What needs to be done. Everything from the line with "Amazon.com : Sony" through the last line of the data below should be copied exactly, apart from the pictures.

Source data.
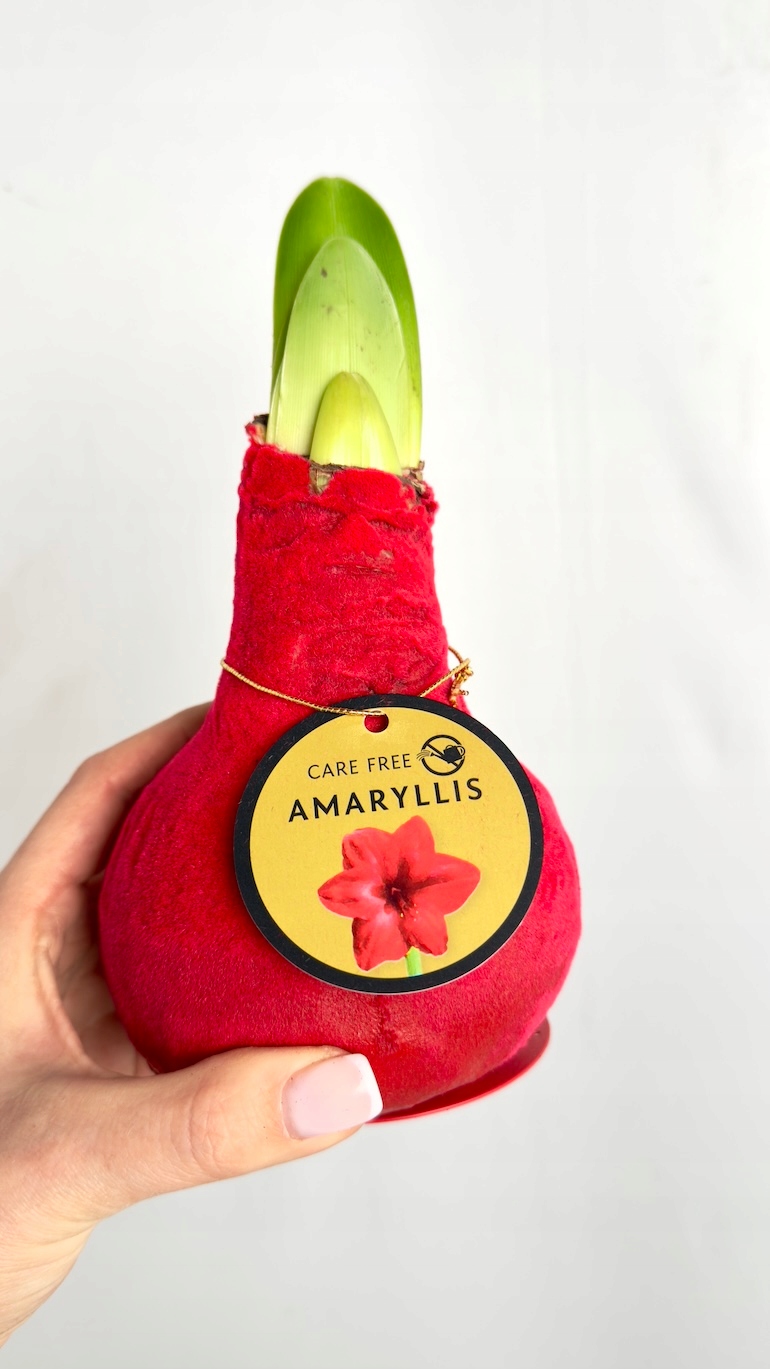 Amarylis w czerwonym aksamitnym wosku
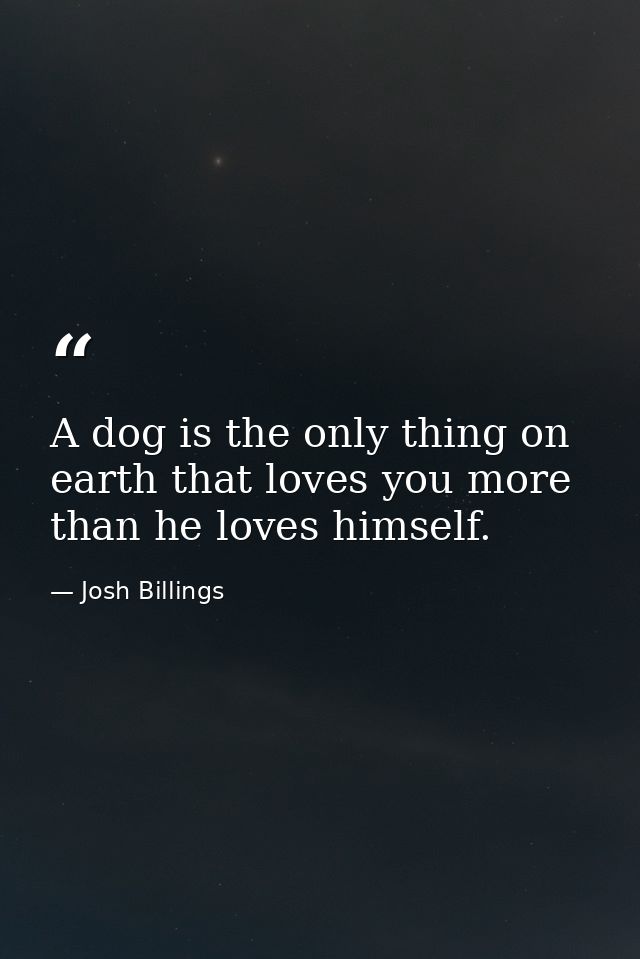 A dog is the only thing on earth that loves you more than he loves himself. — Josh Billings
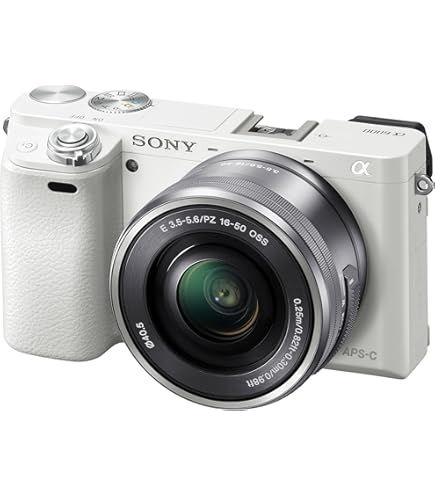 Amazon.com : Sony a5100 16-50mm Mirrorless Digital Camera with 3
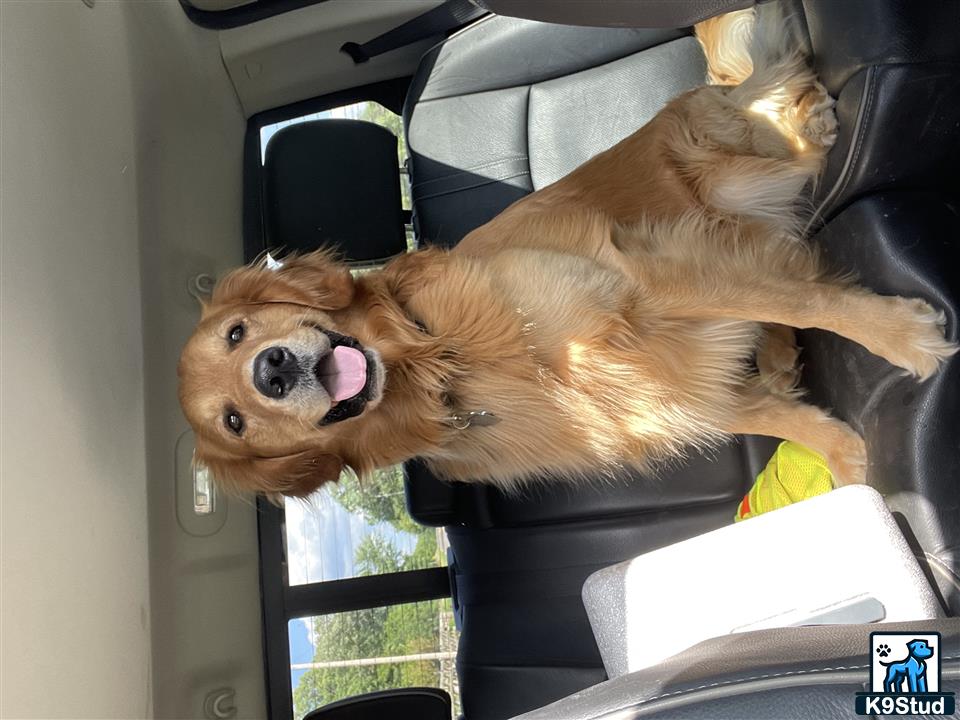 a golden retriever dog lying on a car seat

Exercise answer.
 Amazon.com : Sony a5100 16-50mm Mirrorless Digital Camera with 3
 a golden retriever dog lying on a car seat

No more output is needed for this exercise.